► Imprimir
Por Ricardo Kirschbaum
La simple pregunta sobre si la democracia, en su aspecto más profundo como la conciben los occidentales, puede aplicarse en los hoy convulsionados países árabes, no tiene una unívoca respuesta.
A la vista de las experiencias “democratizadoras” últimas, como Afganistán e Irak, el transplante de un sistema sobre estructuras de poder que responden históricamente a otra lógica no han sido, precisamente, exitosas. El masivo reclamo de libertad que los pueblos magrebíes están manifestando ya ha triunfado en Túnez, derrumbando un gobierno prooccidental de más de 23 años, y ahora, más importante, en Egipto, donde Mubarak tiene las horas contadas.
Estados Unidos enfrenta así un dilema: apoyar este irrefrenable movimiento democratizador aun cuando esa ola se lleve a su aliado más importante en la explosiva ecuación de Medio Oriente. En el caso de Egipto, el precipitado ocaso de Mubarak pondrá a prueba la capacidad del ejército egipcio, verdadero sostén desde 1952 con Nasser, de mantener la orientación moderada y sostener los acuerdos de paz con Israel.

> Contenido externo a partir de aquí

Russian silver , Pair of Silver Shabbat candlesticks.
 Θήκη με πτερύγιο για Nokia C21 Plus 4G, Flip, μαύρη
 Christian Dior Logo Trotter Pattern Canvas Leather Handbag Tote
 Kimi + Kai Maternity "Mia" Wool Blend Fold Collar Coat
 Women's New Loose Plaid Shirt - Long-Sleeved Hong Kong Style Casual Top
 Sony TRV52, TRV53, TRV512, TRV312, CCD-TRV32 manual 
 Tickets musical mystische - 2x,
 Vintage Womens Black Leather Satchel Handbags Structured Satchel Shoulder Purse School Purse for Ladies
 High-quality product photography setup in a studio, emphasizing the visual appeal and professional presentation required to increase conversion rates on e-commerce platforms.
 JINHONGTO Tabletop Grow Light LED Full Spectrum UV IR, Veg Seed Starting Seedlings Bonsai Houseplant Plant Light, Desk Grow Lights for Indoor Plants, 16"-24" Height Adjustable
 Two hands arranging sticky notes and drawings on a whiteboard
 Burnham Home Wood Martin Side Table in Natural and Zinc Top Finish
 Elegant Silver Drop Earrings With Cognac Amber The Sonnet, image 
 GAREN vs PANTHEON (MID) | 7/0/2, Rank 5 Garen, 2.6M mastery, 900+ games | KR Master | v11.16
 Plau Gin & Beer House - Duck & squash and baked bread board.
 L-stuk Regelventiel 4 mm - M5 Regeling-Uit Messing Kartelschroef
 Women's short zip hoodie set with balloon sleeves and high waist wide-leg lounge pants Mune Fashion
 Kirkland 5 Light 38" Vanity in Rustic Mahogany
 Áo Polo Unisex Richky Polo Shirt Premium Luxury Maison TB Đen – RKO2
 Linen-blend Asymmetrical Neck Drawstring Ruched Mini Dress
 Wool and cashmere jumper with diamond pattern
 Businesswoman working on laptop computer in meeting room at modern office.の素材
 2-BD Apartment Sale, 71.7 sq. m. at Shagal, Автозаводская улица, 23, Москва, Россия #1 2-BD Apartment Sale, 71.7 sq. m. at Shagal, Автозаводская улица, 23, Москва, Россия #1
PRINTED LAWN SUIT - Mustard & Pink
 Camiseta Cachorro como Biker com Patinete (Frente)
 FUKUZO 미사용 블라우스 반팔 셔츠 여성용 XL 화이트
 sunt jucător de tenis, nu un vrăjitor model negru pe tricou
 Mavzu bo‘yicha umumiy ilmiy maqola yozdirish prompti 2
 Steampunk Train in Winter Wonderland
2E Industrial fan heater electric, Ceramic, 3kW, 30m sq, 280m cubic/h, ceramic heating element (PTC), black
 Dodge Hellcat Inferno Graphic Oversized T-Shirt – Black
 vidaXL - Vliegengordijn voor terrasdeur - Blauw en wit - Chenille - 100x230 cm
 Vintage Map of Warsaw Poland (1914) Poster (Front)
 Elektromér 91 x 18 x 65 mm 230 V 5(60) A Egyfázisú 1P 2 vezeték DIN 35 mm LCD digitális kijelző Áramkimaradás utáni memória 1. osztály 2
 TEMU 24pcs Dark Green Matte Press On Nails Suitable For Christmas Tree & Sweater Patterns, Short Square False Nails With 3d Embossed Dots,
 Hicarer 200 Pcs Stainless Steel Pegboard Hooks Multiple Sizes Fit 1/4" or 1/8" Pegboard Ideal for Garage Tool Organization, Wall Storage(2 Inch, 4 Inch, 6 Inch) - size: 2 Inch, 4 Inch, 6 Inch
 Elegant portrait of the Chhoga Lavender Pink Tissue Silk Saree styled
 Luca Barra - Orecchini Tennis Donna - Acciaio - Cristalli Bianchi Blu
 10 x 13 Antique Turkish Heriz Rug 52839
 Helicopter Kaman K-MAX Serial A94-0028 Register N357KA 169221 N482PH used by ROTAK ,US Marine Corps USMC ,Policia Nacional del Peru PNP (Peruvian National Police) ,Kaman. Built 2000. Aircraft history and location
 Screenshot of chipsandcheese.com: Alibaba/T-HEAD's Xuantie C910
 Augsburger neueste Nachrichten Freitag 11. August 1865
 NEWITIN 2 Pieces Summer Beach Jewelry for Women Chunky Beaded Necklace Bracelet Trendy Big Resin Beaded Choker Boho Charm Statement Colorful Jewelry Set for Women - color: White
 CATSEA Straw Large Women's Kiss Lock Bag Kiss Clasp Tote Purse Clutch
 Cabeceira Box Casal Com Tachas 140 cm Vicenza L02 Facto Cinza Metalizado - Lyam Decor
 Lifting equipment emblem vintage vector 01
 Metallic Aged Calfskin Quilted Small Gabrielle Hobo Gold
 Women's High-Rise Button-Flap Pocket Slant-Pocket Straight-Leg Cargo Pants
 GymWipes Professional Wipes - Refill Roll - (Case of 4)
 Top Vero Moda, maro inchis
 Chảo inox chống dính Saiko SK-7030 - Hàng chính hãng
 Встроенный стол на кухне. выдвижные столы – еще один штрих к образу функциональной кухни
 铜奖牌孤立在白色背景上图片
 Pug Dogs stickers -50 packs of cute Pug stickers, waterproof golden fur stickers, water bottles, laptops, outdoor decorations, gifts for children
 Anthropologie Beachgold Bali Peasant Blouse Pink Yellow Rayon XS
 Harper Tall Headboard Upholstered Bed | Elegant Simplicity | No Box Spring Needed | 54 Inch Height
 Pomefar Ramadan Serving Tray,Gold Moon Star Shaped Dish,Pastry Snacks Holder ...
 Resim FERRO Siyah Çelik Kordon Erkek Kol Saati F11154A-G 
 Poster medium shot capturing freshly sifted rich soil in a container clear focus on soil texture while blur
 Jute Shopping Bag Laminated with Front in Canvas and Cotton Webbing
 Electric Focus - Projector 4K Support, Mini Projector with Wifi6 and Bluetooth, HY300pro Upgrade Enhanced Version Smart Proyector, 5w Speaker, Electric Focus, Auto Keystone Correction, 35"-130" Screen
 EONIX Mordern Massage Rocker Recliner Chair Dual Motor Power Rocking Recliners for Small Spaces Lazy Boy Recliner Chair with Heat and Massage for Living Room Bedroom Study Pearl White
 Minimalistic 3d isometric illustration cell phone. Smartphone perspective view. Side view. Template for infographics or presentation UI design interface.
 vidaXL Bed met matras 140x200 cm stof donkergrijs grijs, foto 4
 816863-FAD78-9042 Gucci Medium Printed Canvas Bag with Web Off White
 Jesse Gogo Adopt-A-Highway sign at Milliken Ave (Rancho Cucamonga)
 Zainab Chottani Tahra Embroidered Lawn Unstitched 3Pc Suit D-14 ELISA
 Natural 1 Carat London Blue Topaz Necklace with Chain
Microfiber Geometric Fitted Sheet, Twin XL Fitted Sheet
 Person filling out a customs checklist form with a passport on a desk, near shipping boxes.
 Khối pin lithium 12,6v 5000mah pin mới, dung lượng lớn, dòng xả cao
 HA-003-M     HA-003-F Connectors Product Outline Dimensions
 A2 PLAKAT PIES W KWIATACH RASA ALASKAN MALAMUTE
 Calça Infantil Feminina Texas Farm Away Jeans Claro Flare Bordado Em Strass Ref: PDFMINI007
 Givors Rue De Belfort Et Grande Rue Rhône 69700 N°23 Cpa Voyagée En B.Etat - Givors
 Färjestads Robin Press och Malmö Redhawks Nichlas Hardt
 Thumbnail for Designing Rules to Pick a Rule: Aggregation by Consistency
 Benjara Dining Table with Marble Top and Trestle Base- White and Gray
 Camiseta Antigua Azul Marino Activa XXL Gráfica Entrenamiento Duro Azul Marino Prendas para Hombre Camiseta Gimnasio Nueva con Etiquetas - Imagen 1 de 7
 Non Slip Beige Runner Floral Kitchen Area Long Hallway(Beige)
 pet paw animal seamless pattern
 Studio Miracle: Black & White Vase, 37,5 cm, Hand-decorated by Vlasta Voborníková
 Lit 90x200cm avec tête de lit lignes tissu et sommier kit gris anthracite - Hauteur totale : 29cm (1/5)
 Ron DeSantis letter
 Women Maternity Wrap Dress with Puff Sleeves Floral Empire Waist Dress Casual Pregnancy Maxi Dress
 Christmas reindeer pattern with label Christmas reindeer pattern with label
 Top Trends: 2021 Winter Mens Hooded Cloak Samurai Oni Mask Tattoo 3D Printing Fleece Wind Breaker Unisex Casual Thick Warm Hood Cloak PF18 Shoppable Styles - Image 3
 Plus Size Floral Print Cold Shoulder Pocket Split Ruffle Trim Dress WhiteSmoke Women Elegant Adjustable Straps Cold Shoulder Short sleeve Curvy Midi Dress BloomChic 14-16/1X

Egipto sigue siendo clave por el canal de Suez, una cuestión estratégica que Washington y sus aliados esperan que quede en manos amigas. Está claro que si ello no sucede, la posibilidad de un conflicto bélico allí es más que probable.
Washington, sin embargo, como Londres cuando irrumpió Nasser, no puede garantizar nada todavía, aunque confía en que los militares podrán encontrar una fórmula que resuelva este brete. Las manifestaciones populares van, por ahora, contra el régimen, no contra el Ejército. Pero es la política la que debe resolver esta etapa de la crisis. Y la democracia supone, paradójicamente, un peligro para los intereses de quienes la promueven como pantalla para otros fines.